稻谷堆得像小山,酒楼里整日飘着肉香,街头的孩子跑来跑去,笑声很亮。
可清宵在茶楼坐了两个时辰,听见的却全是另一种声音:谁家的佃户今年又被加了租,谁家的姑娘因为拒绝了某位老爷的求亲,第二天就被传成“不检点”。
说话的人把瓜子壳吐得满地,语气轻松得像在讨论天气。
她在那里停留了五日。
第五夜,一个本地的年轻商人请她喝酒。
人长得干净,话也说得体面。
酒过三巡后,他的手自然地覆上她的手背。
清宵看着那只手,没有抽回去。
夜里他们回了客栈。
商人的触碰比废墟里的男人温柔许多,会先吻她的锁骨,会问她“可以吗”。
清宵点头。
中衣被解开后,她主动把腿分开,让他进入。
过程不长。
她在他身下抬头看着床帐的顶,穴肉配合地绞紧,乳尖被含住时也会轻轻发颤,可高潮来得很快,也去得很快。

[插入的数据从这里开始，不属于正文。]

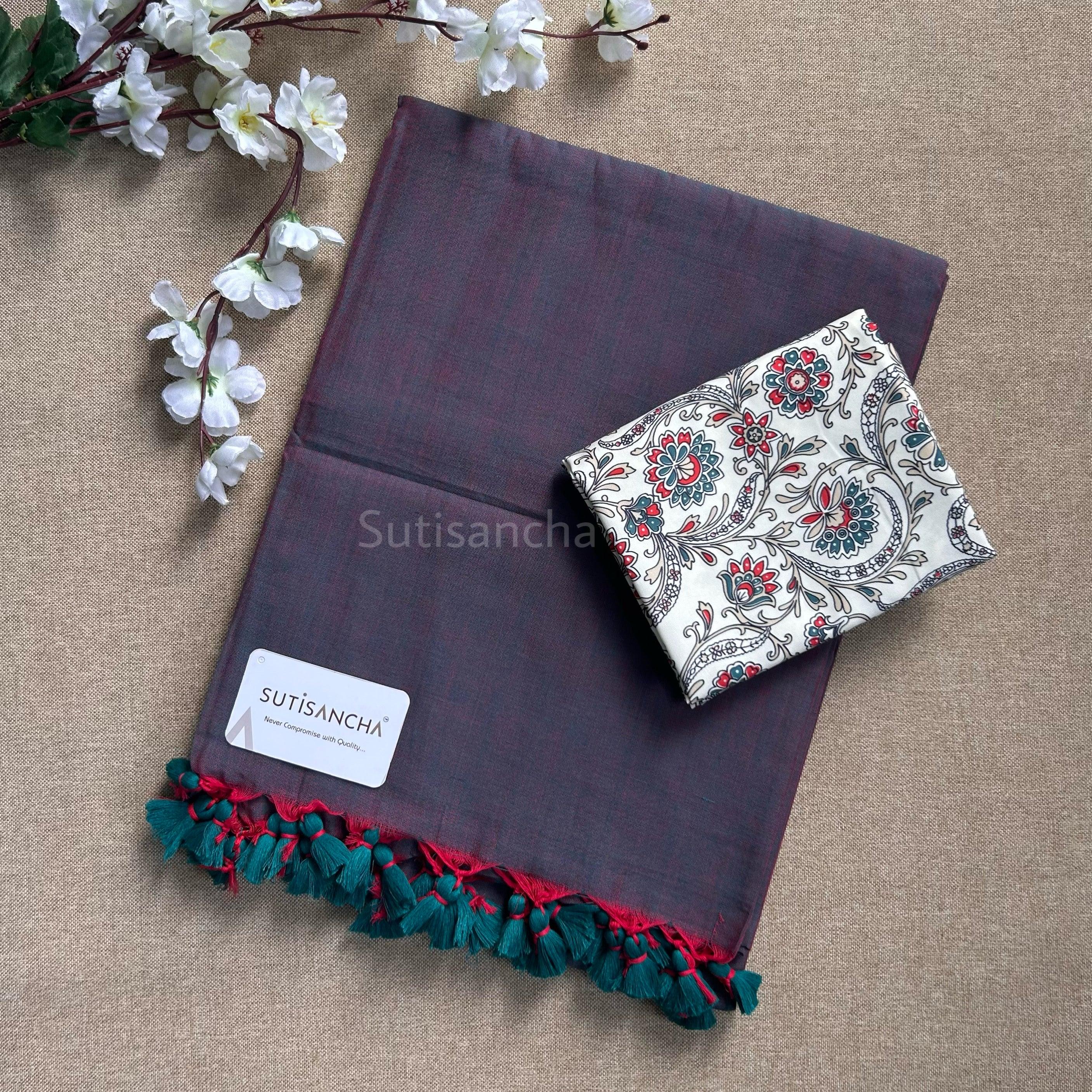Sutisancha Dual Tone Rama with Cotton Blouse - Suti Sancha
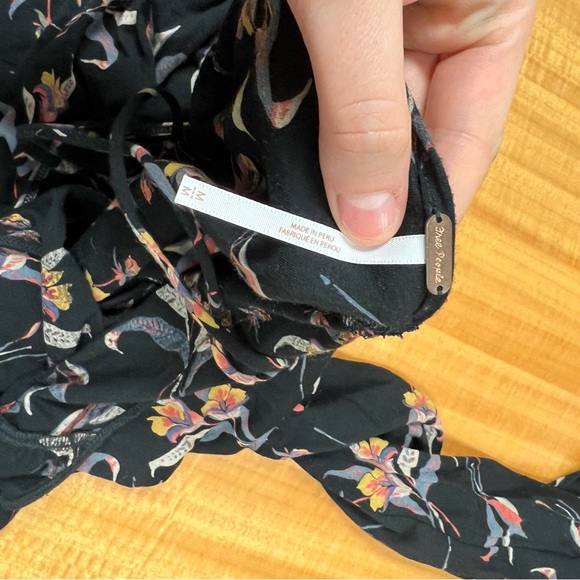 Free People Black Floral Blouse with Open Back - Picture 10 of 10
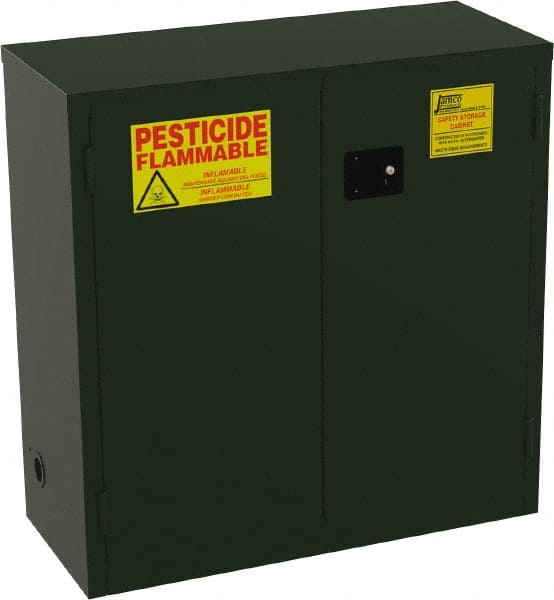 Flammable & Hazardous Storage Cabinets: 30 gal Drum, 2 Door, 1 Shelf, Manual Closing, Green MPN:FL30-EP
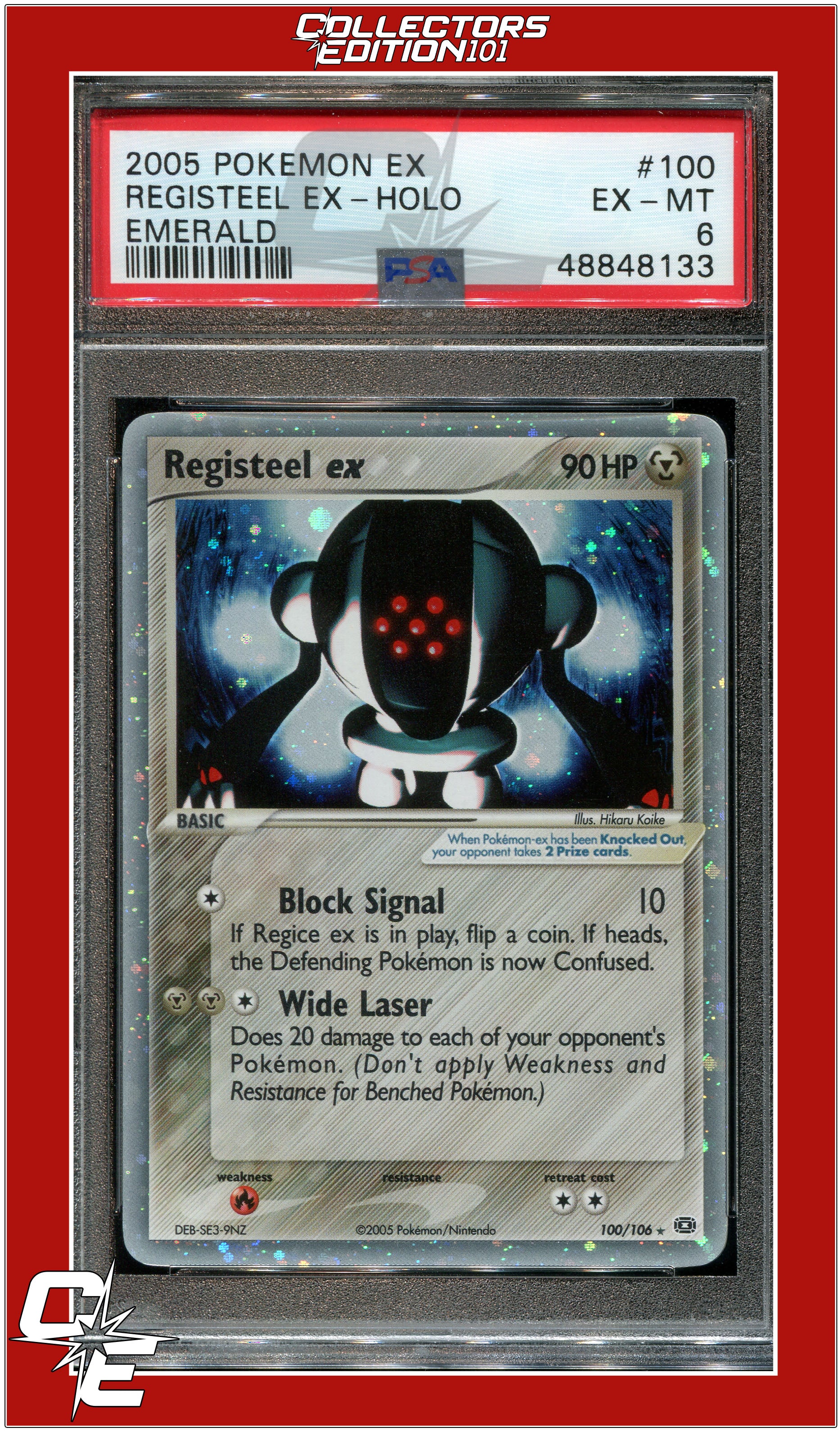 EX Emerald 100 Registeel EX Holo PSA 6 | Collectors Edition 101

事后商人想留她多住几日,被她用“明天要走”挡了回去。
离开县城的时候,她在城门口看见那个被传成“不检点”的姑娘。
姑娘低着头,被家里人拉着往回走,耳根红得厉害。
清宵与她擦肩而过,没有说话。
她已经不会再因为这种闲话轻易动...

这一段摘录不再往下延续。